Forum Discussion

rmd1023's avatar
rmd1023
Icon for Nimbostratus rankNimbostratus
Feb 04, 2013

Timeouts when I have more than 1500 sessions

Hi there!

 

I've got an LTM3900 running in layer 3 mode, and a virtual server running with a tcp profile that has the timeout set to 3600s on both the client and server side. If I have a small number of users, the users can sit there idle without a problem. But when I get about 1500 users going through, the first 700 or so start timing out after only 20m.

 

Looking at performance stats on the box, I'm not seeing it running out of resources. Is there some resource allocation issue I'm not seeing? Something I should be tuning?

 

 

Thanks!

 

--r

 

7 Replies

  • Hmmm, sounds like Connection Reaping at play. Can you check what is configured for the Low and High Water Marks here: System > Configuration > Local Traffic > General.

     

     

    Also, what's the memory usage when you have the higher number of users?
  • Reaper High-water Mark: 95%

     

    Reaper Low-water Mark: 85%

     

    It doesn't look like the Overview > Statistics > Memory graph isn't showing me the actual memory utilization - the lines on the graph are flat. Is there a way to get that information?
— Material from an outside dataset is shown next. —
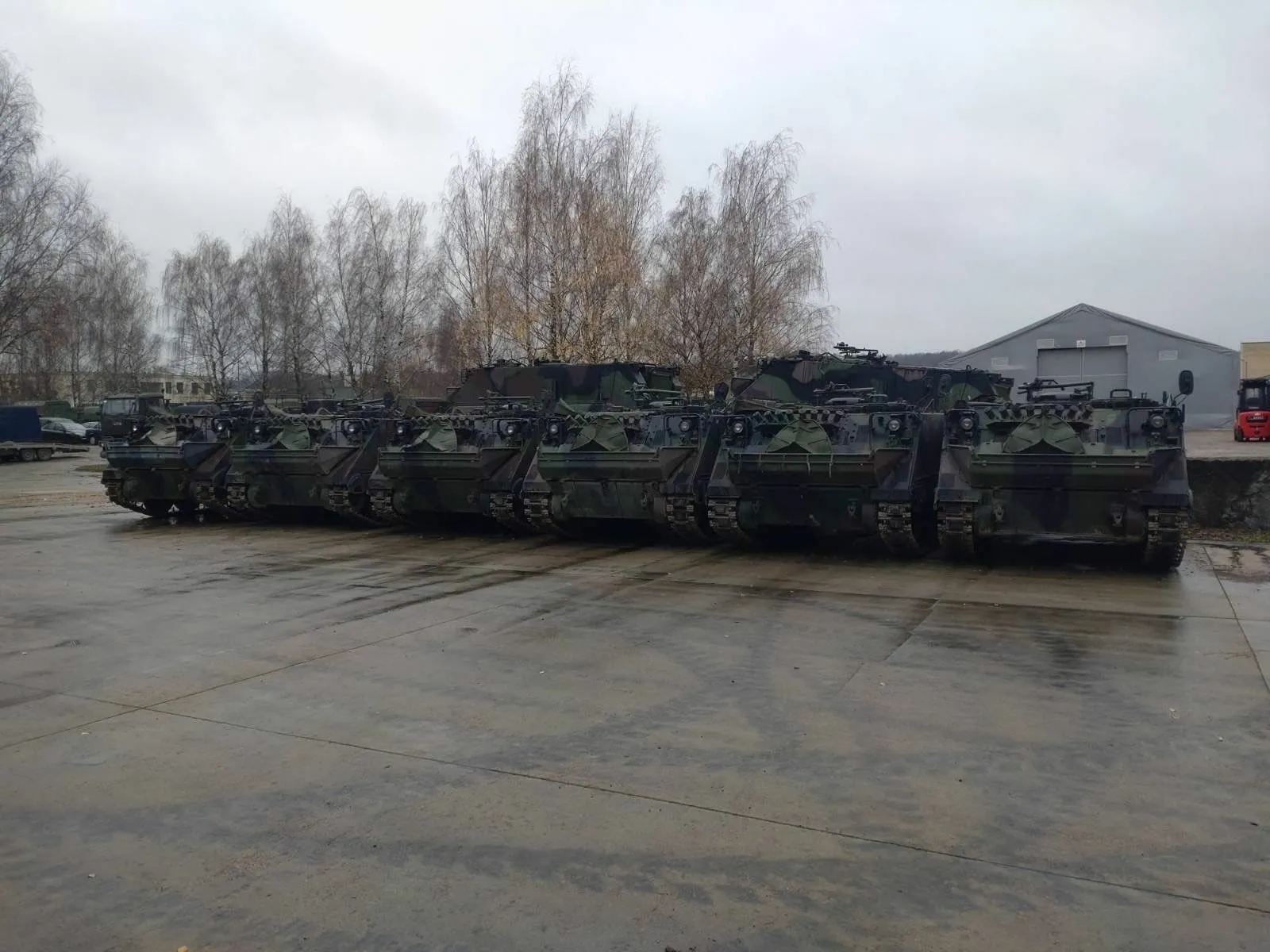 Lietuva Ukrainai perdavė dar 12 šarvuočių / LK nuotr.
Or is the graph accurate and my memory usage is remarkably consistent?

     

    Thanks!

     

  • I'm not seeing any sweeper_update messages in /var/log/ltm, however.
  • OK, thanks. The graph is probably correct but you could verify with [tmsh] show sys memory.

     

     

    I can't really think of anything else at this point that might shorten any configured Idle Times. What is the Idle Time set to anyway?
  • Yeah, I'm kind of stumped. Idle time is set to an hour on both sides of the connection, so it shouldn't be timing out at 20m.

     

    Thanks.

     

  • Absolutely not. Perhaps it's not the F5 but a function of the real servers when they are under load? Have you checked the resource usage there when connections are high?

     

     

    To be 100% I'd say a packet capture using tcpdump is in order, you can keep the captured data low by capturing data only from one test client that you connect when connections are low, just before they normally ramp up. You can capture client and server-side at the same time. Then you'd know for sure who's actually closing the connection, the F5 or the servers.
  • It's beginning to look like it's not the load balancer closing the connections. Which explains why I can't find a reason the load balancer is closing the connections.